While writing my article "Could Robots Take All Our Jobs?: A Philosophical Perspective" I came across a lot of people who claim (roughly) that human intelligence isn't Turing computable. At one point this led me to tweet something to the effect of, "where are the sophisticated AI critics who claim the problem of AI is NP-complete?" But that was just me being whimsical; I was mostly not-serious.
A couple times, though, I've heard people suggest something to the effect that maybe we will need quantum computing to do human-level AI, though so far I've never heard this from an academic, only interested amateurs (though ones with some real computing knowledge). Who else here has encountered this? Does anyone know of any academics who adopt this point of view?
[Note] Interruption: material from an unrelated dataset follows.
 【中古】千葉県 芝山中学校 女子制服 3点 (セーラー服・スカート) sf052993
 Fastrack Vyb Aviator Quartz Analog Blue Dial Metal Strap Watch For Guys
Answers to the latter question especially could be valuable for doing article version 2.0.
Edit: This very brief query may have given the impression that I'm more sympathetic to the "AI requires QC" idea than I actually am; see my response to gwern below.
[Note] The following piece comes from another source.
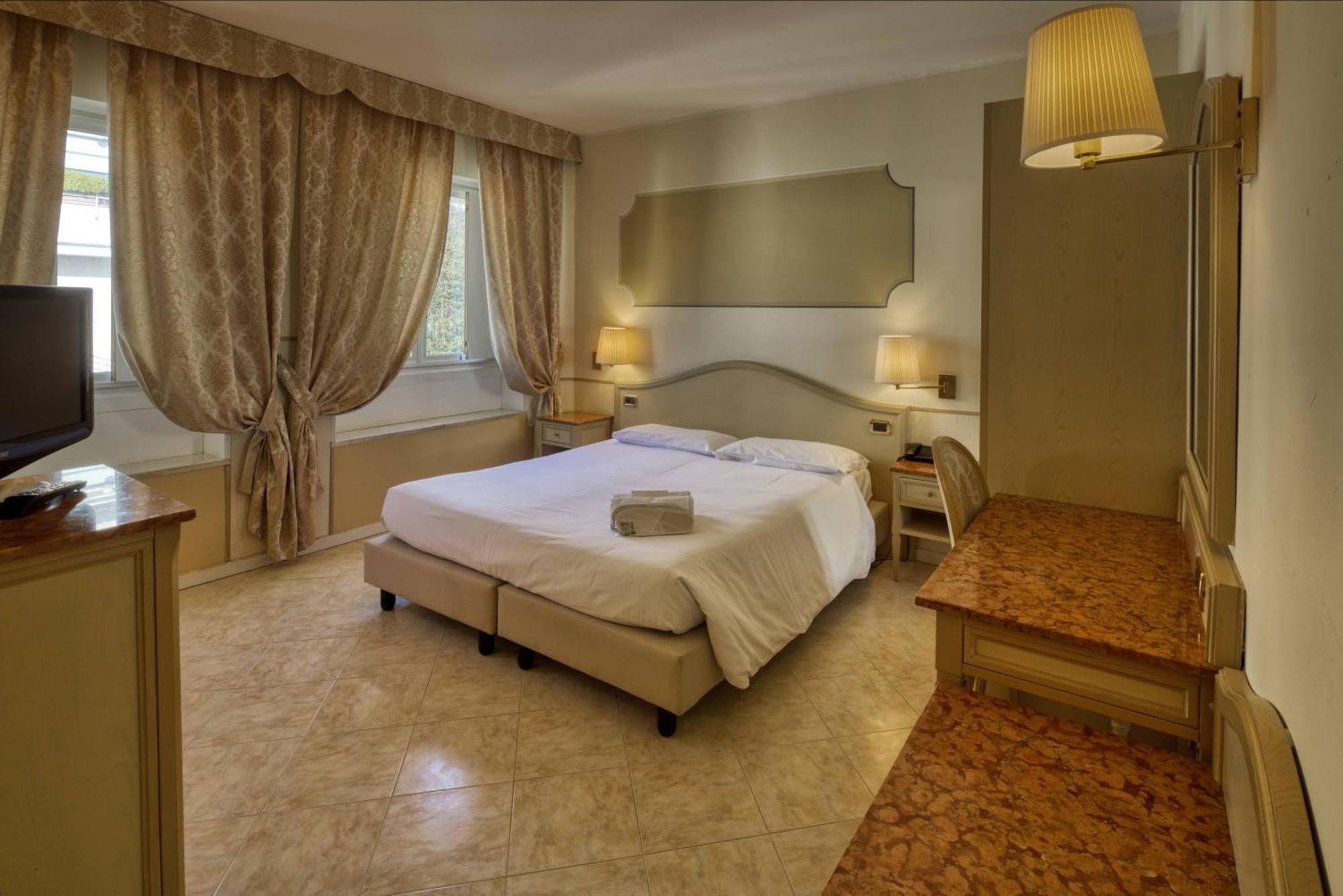 Ena Hotel อาเรนซาโน ภายนอก รูปภาพ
Sure? No. Pretty confident? Yeah. The people who think microtubules and exotic quantum-gravitational effects are critical for intelligence/consciousness are a small minority of (usually) non-neuroscientists who are, in my opinion, allowing some very suspect intuitions to dominate their thinking. I don't have any money right now to propose a bet, but if it turns out that the brain can't be simulated on a sufficient supply of classical hardware, I will boil, shred, and eat my entire (rather expensive) hat.
Daniel Dennet's papers on the subject seem to be making a lot of sense to me. The details are still fuzzy, but I find that having read them, I am less confused on the subject, and I can begin to see how a deterministic system might be designed that would naturally begin to have behavior that would cause them to say the sorts of things about consciousness that I do.
If you find someone to bet against you, I'm willing to eat half the hat.